Hygiene products and potato chips are some of the items inmates can buy in Mississippi prison commissaries. But the Department of Corrections Commissioner Marshall Fisher says providing the service is a major problem. He points to security concerns, especially among gangs.
"In other words, weaker inmates who don't have the support of the gangs, at times, have their commissary taken away from them and it's held over their head or sometimes there's gambling debts," said Fisher.
Fisher says those conflicts put corrections officers at risk. He says about 50 have been attacked this year. Fisher adds awarding contracts seems to be more about company profits, than making the prison system better.

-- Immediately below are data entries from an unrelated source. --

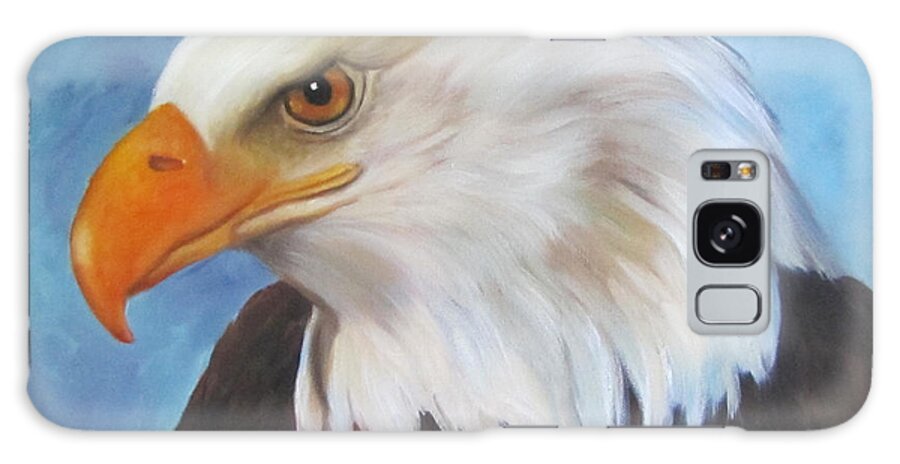 American Eagle Galaxy Case featuring the painting American Eagle by Cheri Wollenberg
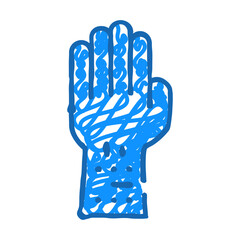 allergic reaction test doodle icon sketch vector. allergic reaction test sign. isolated symbol illustration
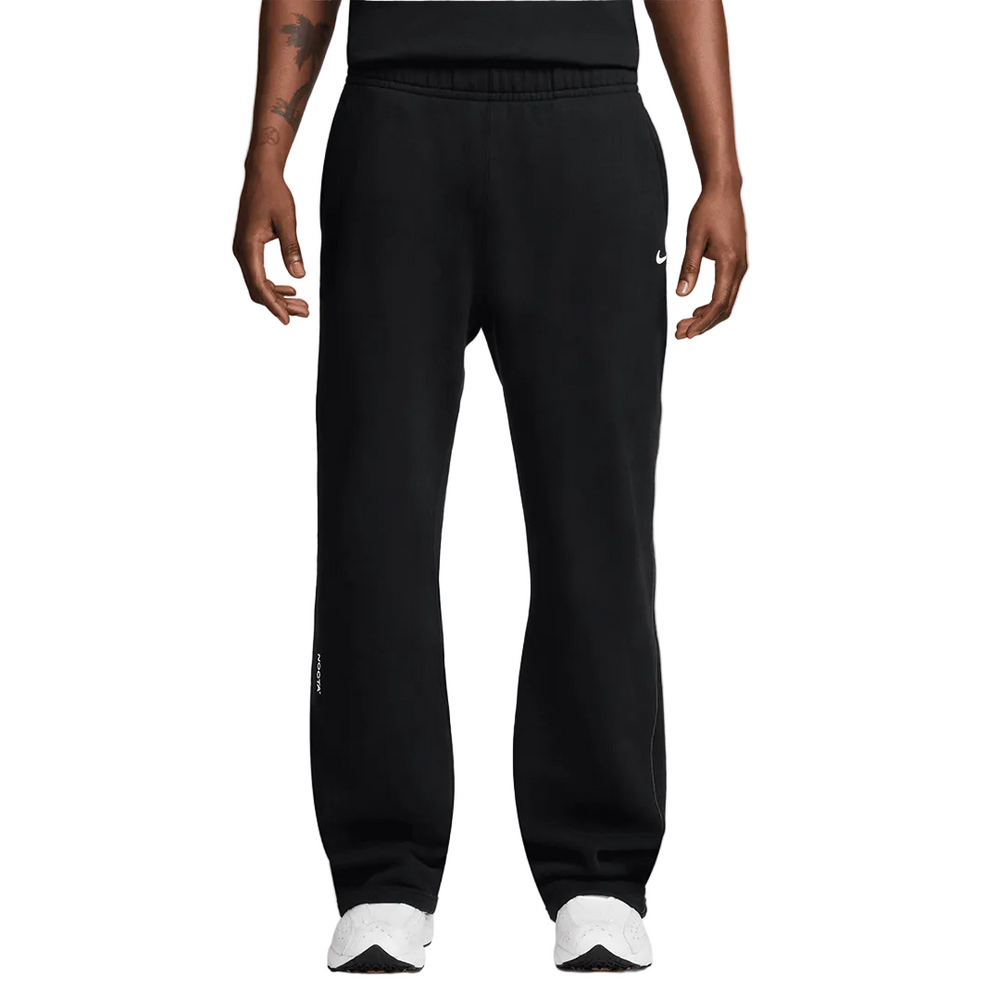 NOCTA FLEECE CS OPEN-HEM SWEATPANTS BLACK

"We have been literally bombarded with public records requests and then there's pressure put on the administration, or at least there's calls made to the administration to pressure us to go one way or the another, which does not happen and then we get sued," said Fisher.
There's one lawsuit pending right now according to Fisher. Attorney Constance Slaughter-Harvey served on the Governor's Prison Task Force this year. They made recommendations to improve the procurement process. She's pleased Fisher is reviewing the policy because it was on their list. It was bribes in exchange for commissary contracts that led to Former Commissioner Christopher Epps pleading guilty to corruption charges.
"There are many ways to operate the commissary. It could be run, operated by trustees. And I know people say well you can't trust the trustees. Well, you couldn't trust the commissioner. So you got to start somewhere," said Harvey.
Marshall Fisher says the department did operate the commissaries at one time. But he says they don't have the staff to do that now. Fisher says currently by statue, the service must be contracted-out.